Create a Monitor Resource manifest file. This manifest defines the logic for comparing the total CPU usage of the pod against its total requested CPU. The incident will be triggered if usage exceeds 80% of the requested amount.

name: cpu-monitor
description: Monitor for CPU usage of the nilus-server container
version: v1alpha
type: monitor
monitor:
  schedule: '*/2 * * * *'
  type: equation_monitor
  equation:
    leftExpression:
      queryCoefficient: 1
      queryConstant: 0     
      query:
        type: prom
        ql: '100 * (sum by(pod) (rate(container_cpu_usage_seconds_total{pod="perspectivedb-rest-yx2r-d-5b7bdb5648-p9tdr"}[5m])))/sum by(pod) (kube_pod_container_resource_requests{pod="perspectivedb-rest-yx2r-d-5b7bdb5648-p9tdr", resource="cpu"})'

    rightExpression:
      queryCoefficient: 0
      queryConstant: 80
    operator: greater_than
  incident:
    type: prom
    name: cpualerts
    category: equation
    severity: info
    operator: greater_than

🗣️ Before applying the Monitor manifest, make sure to replace the placeholder pod name (perspectivedb-rest-yx2r-d-5b7bdb5648-p9tdr) in the PromQL query with the actual pod name of the Resource you want to monitor.

Validate the incident condition if it is configured correctly by executing the command below.

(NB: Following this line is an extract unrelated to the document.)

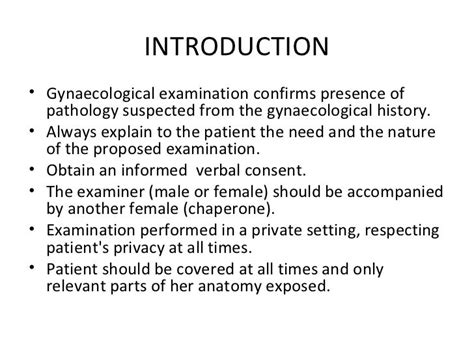 definition of presentation in gynaecology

dataos-ctl develop observability monitor equation -f /office/monitor/pod_cpu_request_monitor.yaml

Expected output when the condition is not met:

The monitor runs successfully, but the CPU usage is below 80% of the pod’s request. No incident is triggered.

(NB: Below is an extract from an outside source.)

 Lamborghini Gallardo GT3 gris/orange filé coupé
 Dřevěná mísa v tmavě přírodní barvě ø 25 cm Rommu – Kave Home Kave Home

INFO[0000] 🔮 develop observability...
INFO[0000] 🔮 develop observability...monitor tcp-stream...starting
INFO[0001] 🔮 develop observability...monitor tcp-stream...running
INFO[0002] 🔮 develop observability...monitor tcp-stream...stopping
INFO[0002] 🔮 context cancelled, monitor tcp-stream is closing.
INFO[0003] 🔮 develop observability...complete

RESULT (maxRows: 10, totalRows:0): 🟧 monitor condition not met

Expected output when the condition is met:

CPU usage crossed 80% of the total CPU requested for the pod. An incident is triggered.

INFO[0000] 🔮 develop observability...
INFO[0000] 🔮 develop observability...monitor tcp-stream...starting
INFO[0001] 🔮 develop observability...monitor tcp-stream...running
INFO[0001] 🔮 develop observability...monitor tcp-stream...stopping
INFO[0001] 🔮 context cancelled, monitor tcp-stream is closing.
INFO[0002] 🔮 develop observability...complete

RESULT (maxRows: 10, totalRows:1): 🟩 monitor condition met

Run the following command to apply the Monitor.

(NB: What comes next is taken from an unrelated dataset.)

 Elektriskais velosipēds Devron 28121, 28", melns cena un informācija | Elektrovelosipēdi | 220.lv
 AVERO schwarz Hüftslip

dataos-ctl resource apply -f pod-cpu-request-monitor.yaml

Verify the Monitor runtime. This step ensures that the Monitor has been successfully registered and is running as expected.
```
dataos-ctl get runtime -t monitor -w <your-workspace> -n pod-cpu-request-monitor -r
```

Create a Pager Resource manifest file. This manifest configures the alert delivery path. It listens for the incident triggered by the Monitor and sends the alert to a Teams channel or any other webhook.

name: pod-cpu-request-pager
version: v1alpha
type: pager
description: Pager to alert when pod CPU usage exceeds 80% of its requested CPU
workspace: <your-workspace>
pager:
  conditions:
    - valueJqFilter: .properties.name
      operator: equals
      value: cpu-request-violation
  output:
    msTeams:
      webHookUrl: https://rubikdatasolutions.webhook.office.com/webhookb2/09239cd8-9d59-9621-9217305bf6e22bdde-3ec2-4392-78e9f35a44fb/IncomingWebhook/92dcd2acdaee4e6cac125ac4a729e48f/631bd149-c89d-4d3b-8979-8e364b419/V23AwNxCZx9fToWpqDSYeRkQefDZ-cPn74pY60
    email:
      emailTargets:
        - iamgroot@tmdc.io

Once defined, apply the Pager Resource using the command below.
```
dataos-ctl resource apply -f pod-cpu-request-pager.yaml
```
Get notified! When the CPU usage condition is met, the incident is triggered, and the Pager sends the notification to the configured destination.